457 F.2d 793
William Edward HARRISON, Plaintiff-Appellant,
Marvin H. WRIGHT, Metropolitan Police Department, Nashville,
United States Court of Appeals,
April 3, 1972.
Gore, Barrett, Mitchell, & Barrett, Lionel R. Barrett, Jr., Nashville, Tenn., on brief, for plaintiff-appellant.
Paul F. Bumpus, Nashville, Tenn., on brief, for defendant-appellee.
Before PHILLIPS, Chief Judge and CELEBREZZE and KENT, Circuit Judges.
Harrison appeals from the dismissal of his complaint for damages against a Nashville policeman.
The complaint charged that the officer committed an assault and battery against Harrison while he was in police custody on January 21, 1967, in violation of his civil rights, secured to him by 42 U.S.C. Secs. 1983 and 1985(3). Harrison's action was commenced February 24, 1971, but dismissed without prejudice for failure to cite a named defendant. The suit was refiled April 6, 1971, more than four years after the alleged assault and battery.
The District Court granted the motion for summary judgment on the ground that Harrison's action was barred by the one-year statute of limitations provided by T.C.A. Sec. 28-304. We affirm.
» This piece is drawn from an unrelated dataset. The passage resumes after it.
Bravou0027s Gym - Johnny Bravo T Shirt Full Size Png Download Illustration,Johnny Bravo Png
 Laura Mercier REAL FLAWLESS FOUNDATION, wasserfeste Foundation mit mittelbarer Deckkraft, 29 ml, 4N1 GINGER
In Mulligan v. Schlachter, 389 F.2d 231, 233 (6th Cir. 1968) this court said: "Since the Civil Rights Act itself contains no limitation period, the courts will look to the most analogous statute of limitations of the state where the cause of action arose." It has long been Tennessee law that the disability of imprisonment does not save the statutory bar. Bledsoe v. Stokes, 60 Tenn. 312 (1872). Harrison urges this court to adopt a rule of law for Tennessee which would toll the running of the statute of limitations while he was imprisoned. This request goes against the established law of Tennessee, which this court is bound to follow. Crawford v. Zeitler, 326 F.2d 119 (6th Cir. 1964). To like effect see Jones v. Bombeck, 375 F.2d 737 (3rd Cir. 1967).